TASK:
The material below contains a line with "Bath - 19130" and a line with "Mjällbys Chibuike Silas". Copy exactly those two lines and all lines between them.

SUPPLIED RECORDS:
┌──
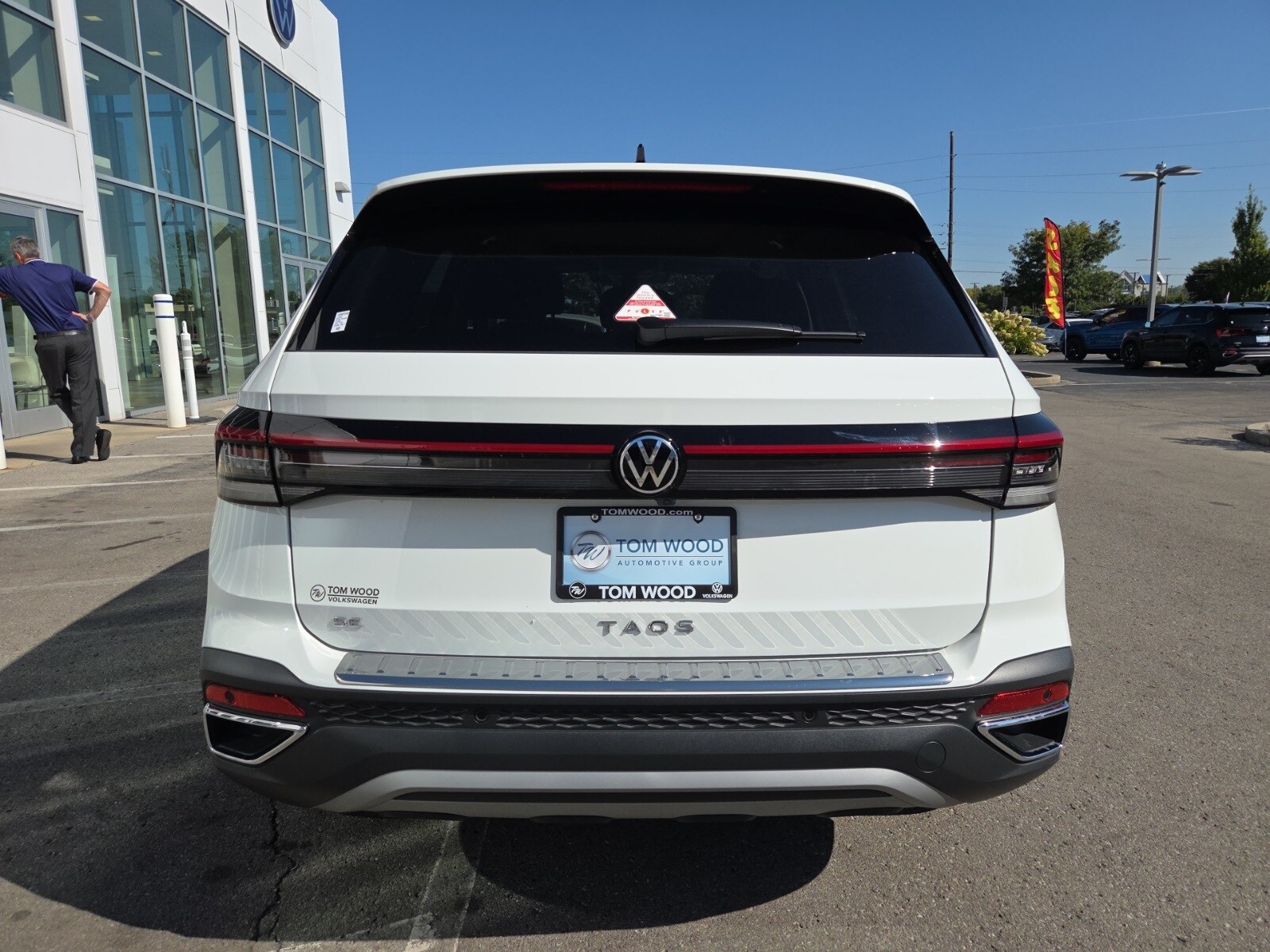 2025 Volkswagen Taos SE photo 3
└──
┌──
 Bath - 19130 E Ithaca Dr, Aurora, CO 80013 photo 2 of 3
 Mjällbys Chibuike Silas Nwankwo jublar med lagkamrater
└──
EXERCISE RESULT:
 Bath - 19130 E Ithaca Dr, Aurora, CO 80013 photo 2 of 3
 Mjällbys Chibuike Silas Nwankwo jublar med lagkamrater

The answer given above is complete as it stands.